EzekielRaiden
Follower of the Way
I mean, most canned adventure paths are either linear or very close to it, and I can absolutely say that I have experienced (and been told of such that others have experienced) adventures that either were straight-up linear, or were so close as to not meaningfully matter.I'm only describing using your definitions what others mean by 'linear adventure'. I think @Scott Christian nailed it with his story board picture he posted a few pages back.
I'd suggest that linear adventures don't actually exist (as in no one plays one) with your very narrow definition here. I'm not sure why you've defining 'linear adventure' so narrowly that no one can be said to actually play one.
Illusionism is often used to disguise linearity, for example. The players are presented with something that seems to be a choice or an open-ended question, but in reality there is only one outcome.
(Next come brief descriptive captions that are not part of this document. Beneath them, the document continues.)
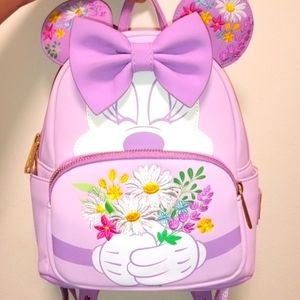 Loungefly Disney Minnie Holding Flowers Mini Backpack.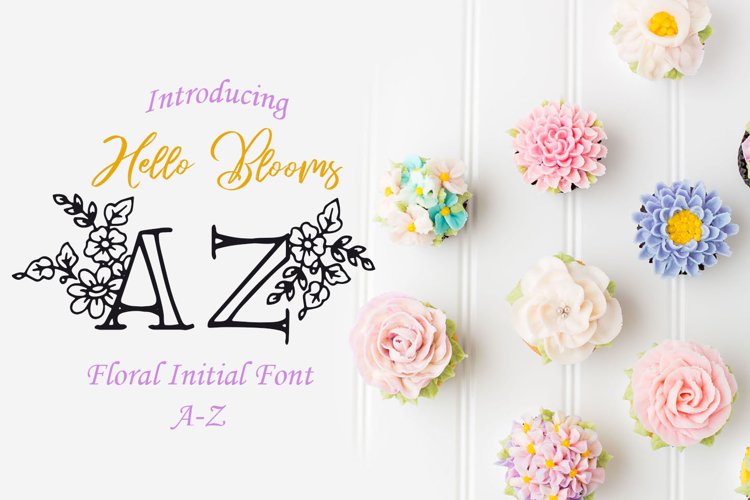 Hello Blooms Floral Initial Font example image 1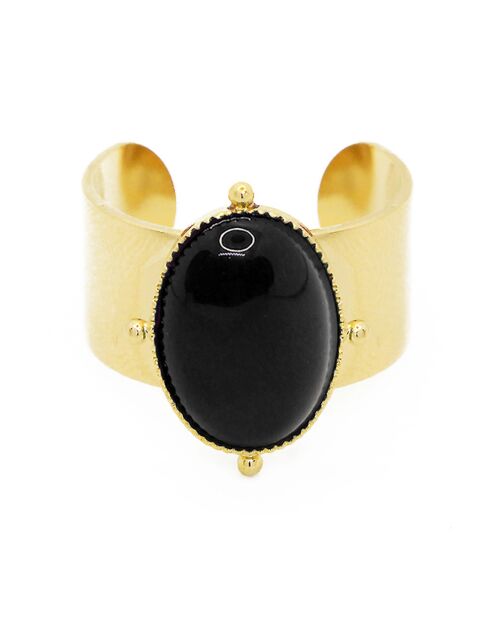Bague ajustable New Calypso en Laiton doré & Agate noire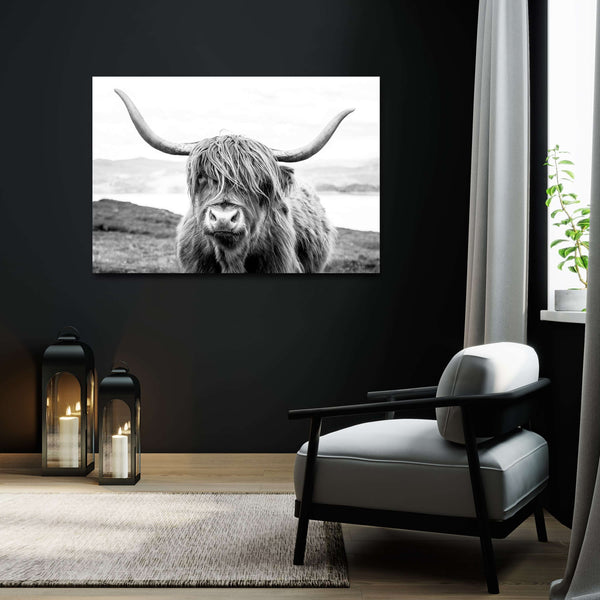 Tableau Vache Highland Noir et Blanc | TableauDecoModerne®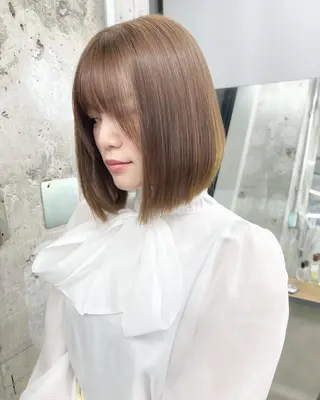 カラー パーマ ミディアム ヘアアレンジ ヘアケア特化型サロン newi 梅田のヘアスタイル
The fictitious selection (in the trivial example, "road forks, but DM knows that the haunted mansion will be on whichever path the players take") gives the appearance of nonlinearity, without having to do any of the work involved in actually making a nonlinear adventure. Dragonlance was somewhat notorious for being particularly linear as I recall. Similarly, many computer games have truly, completely linear stories. Some of them are quite good stories, but they are linear nonetheless.
In a thread about illusionism from several months back, a poster very explicitly said that becoming a DM means losing the ability to pretend that your choices actually matter. You've seen behind the illusion and can no longer go back to unquestioning belief in your freedom to direct the game, because the DM is (they seemed to be arguing) inherently an illusionist. Pulling the players along through their pre-written story, merely using stagecraft and theatrics to make players believe they're actually making choices. Obviously I don't share their views, but you couldn't have such a poster if no adventures were ever linear.